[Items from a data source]
=====
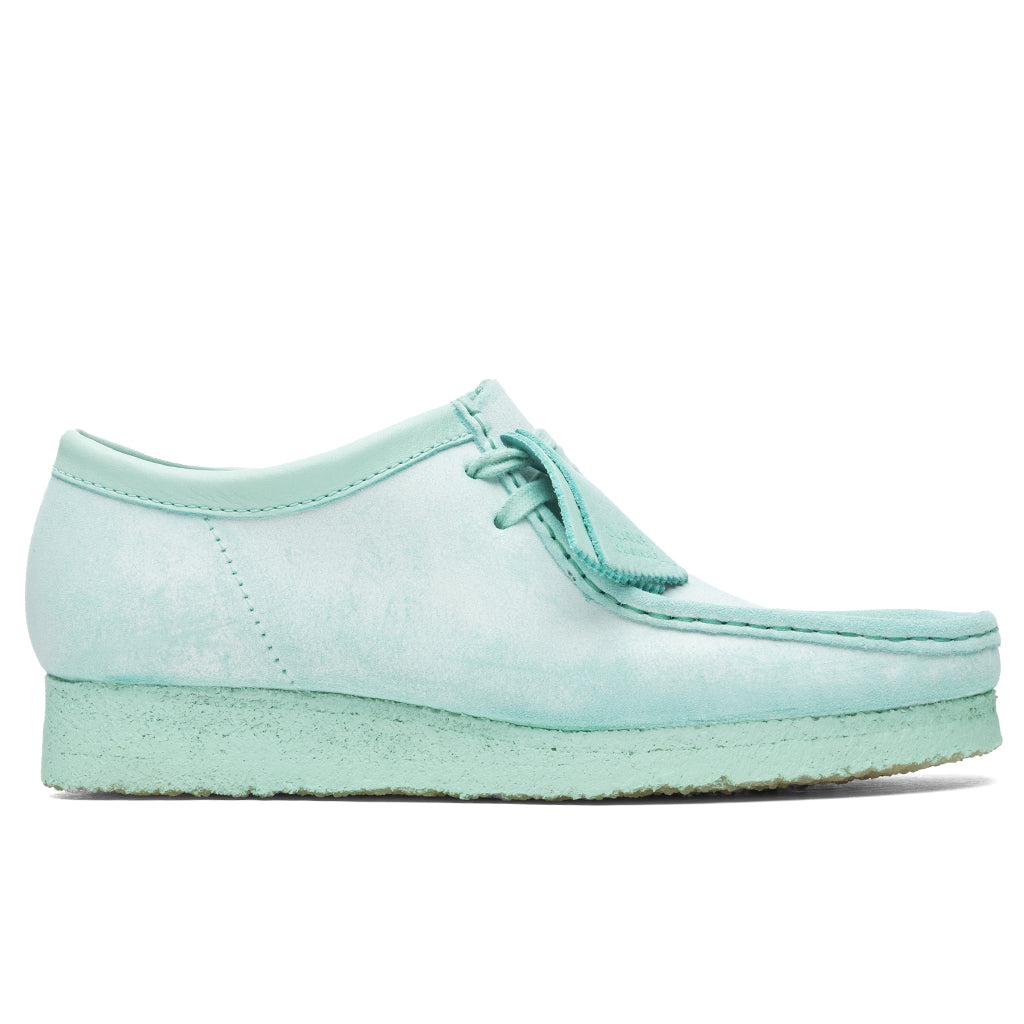 Wallabee - Mint Suede – Feature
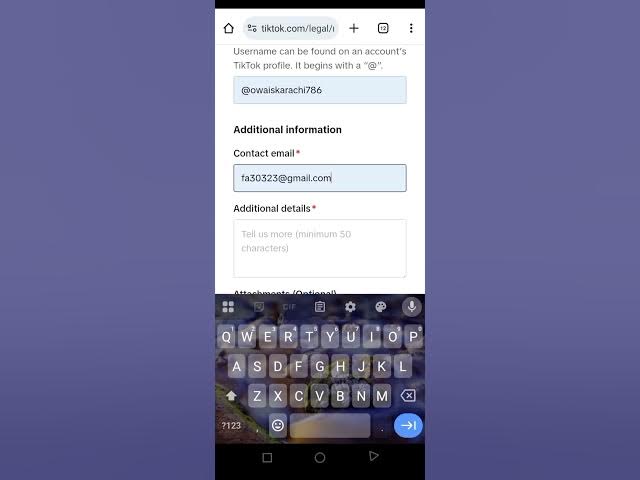 Video thumbnail for tiktok ID band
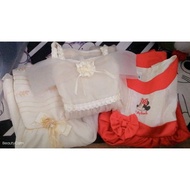 baby clothes and gowns bundle take all 6m-7yrs old girls
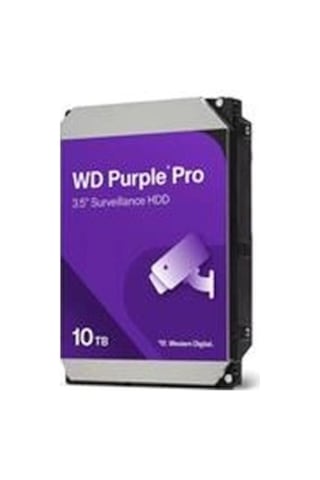 Wd 10tb Purple Pro 512mb 7200rpm Wd102purp Harddisk Resmi Distribitör Ürünü Kdo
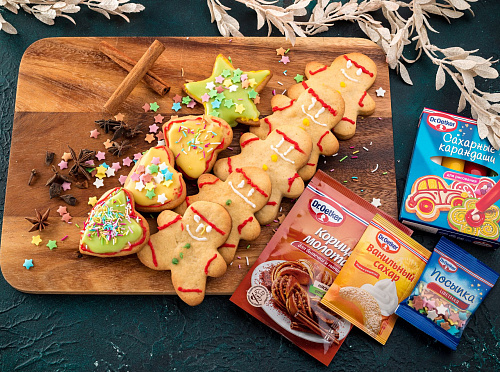 Фото рецепта Имбирное печенье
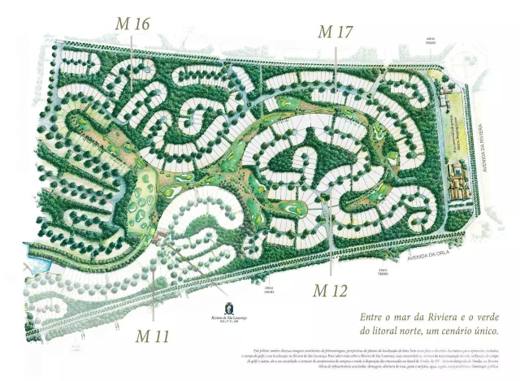Terreno de 484 m² | Riviera Módulo 11, Riviera de São Lourenço — foto 5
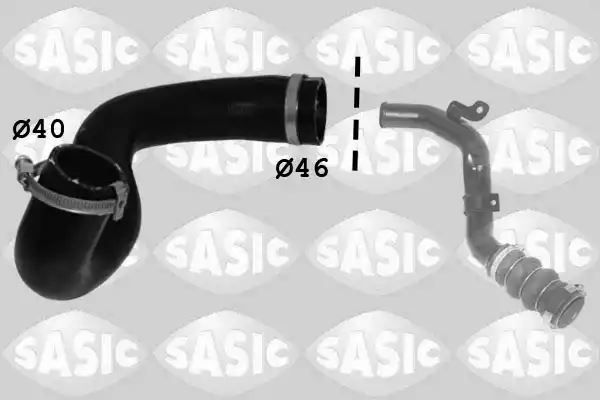 PRZEWÓD INTERCOOLERA FORD CONNECT (KOLANKO) SASIC 3356035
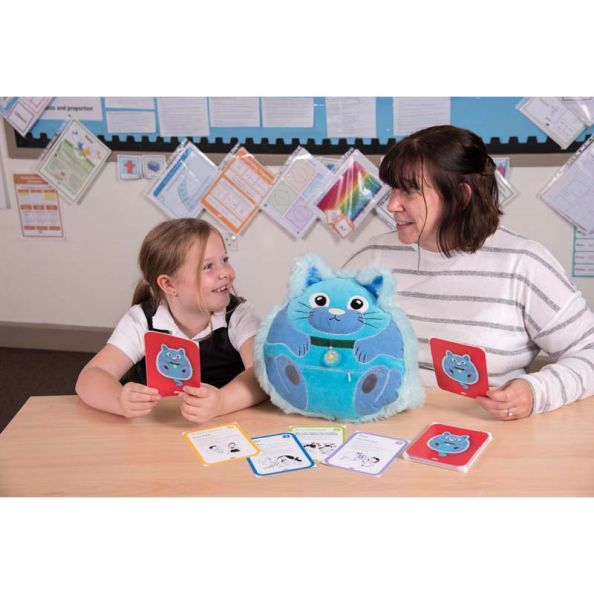 Calming Cat Worry Toy | Creative Activity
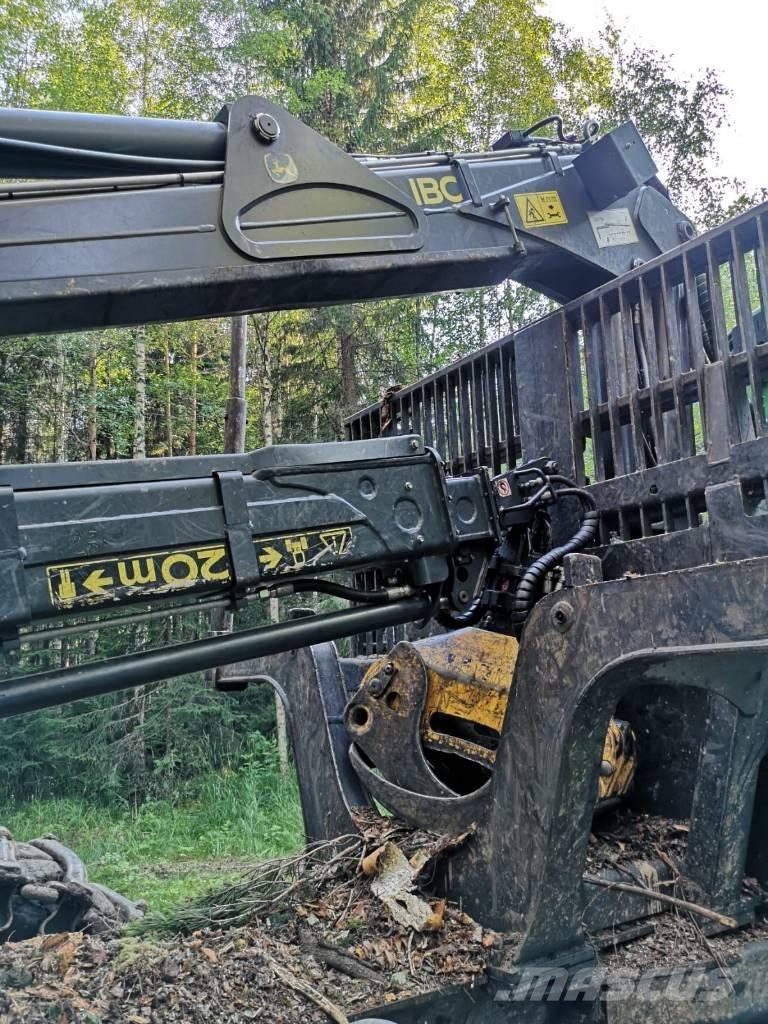 John Deere 1510 G Forwarders florestais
=====
Every line above is to be given again exactly, apart from the pictures.

 Wallabee - Mint Suede – Feature
 Video thumbnail for tiktok ID band
 baby clothes and gowns bundle take all 6m-7yrs old girls
 Wd 10tb Purple Pro 512mb 7200rpm Wd102purp Harddisk Resmi Distribitör Ürünü Kdo
 Фото рецепта Имбирное печенье
Terreno de 484 m² | Riviera Módulo 11, Riviera de São Lourenço — foto 5
 PRZEWÓD INTERCOOLERA FORD CONNECT (KOLANKO) SASIC 3356035
 Calming Cat Worry Toy | Creative Activity
 John Deere 1510 G Forwarders florestais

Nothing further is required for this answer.